Tiap akhir tahun pembelajaran, mengadakan musabaqoh ( Lomba ) antar santri. Diantaranya; Lomba kaligrafi, hafalan nadhzoman, mewarnai kaligrafi, sholawat, ceramah dan lomba fashion muslim. Khusus lomba busana, pesertanya harus dari anak tingkat akhir, enam ibtidaiyah.
Mbak Maya, sepupupuku kebetulan tahun tersebut kelas tingkat akhir, dia memaksaku untuk jadi modelnya. Sontak, aku menolaknya.

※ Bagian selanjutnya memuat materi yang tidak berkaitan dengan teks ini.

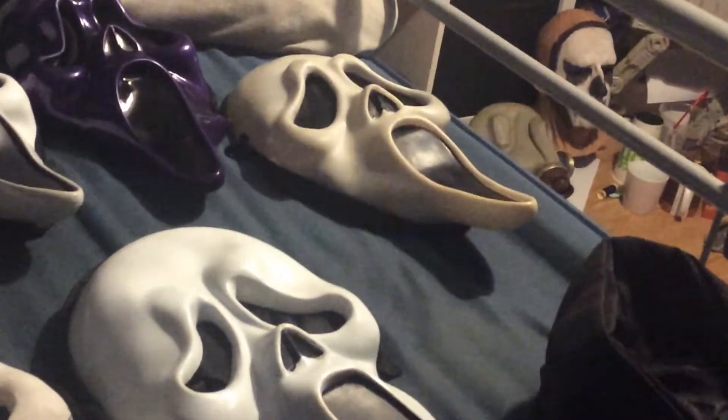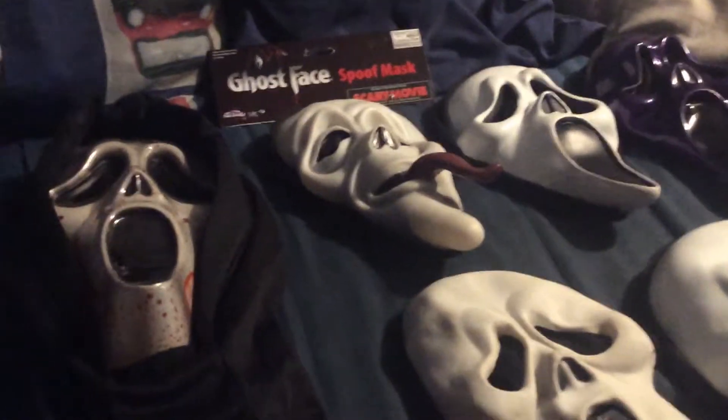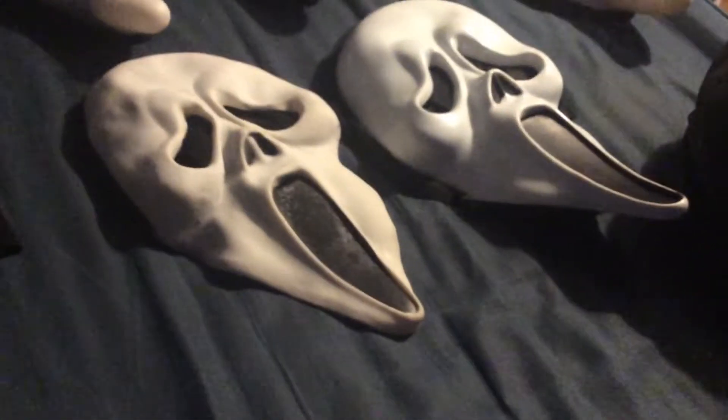So here's all my Scream Masks I've owned. My vintage one over there, my Metallic, my Scream 4, and my Scary Movie Spoof Mask — the Bleeding Version — and the two One Pound ones.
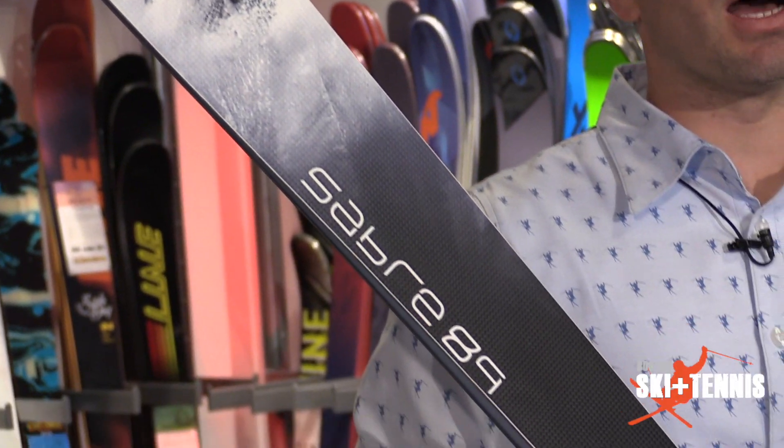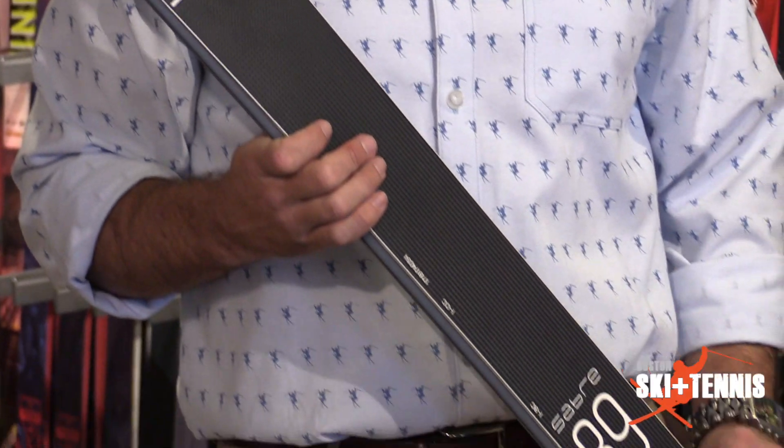Hey guys, this is Ryan with Boston Ski and Tennis. Today I'm going to talk to you a little bit about the Icelandic Sabre 89, one of the newer skis from Icelandic's product line.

"Kalau bukan kamu siapa lagi?"
"Pokoknya, saya ga mau!"
"Kenapa?"
"Saya ga mau mukanya nanti di polas pales, jalannya berlenggak-lenggok."
Mbak Maya tertawa keras.
Kemudian, dia menarik tubuhku. Mengelus-elus kepalaku.
"Ga sampe gitu kali dek. Temanya kan lomba busana muslim. Tidak ada acara polas-poles. Pokoknya sederhana, asal menampilkan pakaian muslimah," jelasnya.
Aku mendengus kesal. Berlalu meninggalkan Mbak Maya.
***
Hari itupun tiba...
Suara merdu sholawat bergema di setiap sudut ruangan. Tenda biru terpasang halaman Madrasah. Kursi-kursi masih menumpuk belum tertata rapi. Beberapa orang masih sibuk mengerjakan menghias panggung. Tak jauh dari teras, para ibu sibuk di tungku, memasak.
Beberapa santri sibuk mondar-mondir, menyambut acara nanti malam.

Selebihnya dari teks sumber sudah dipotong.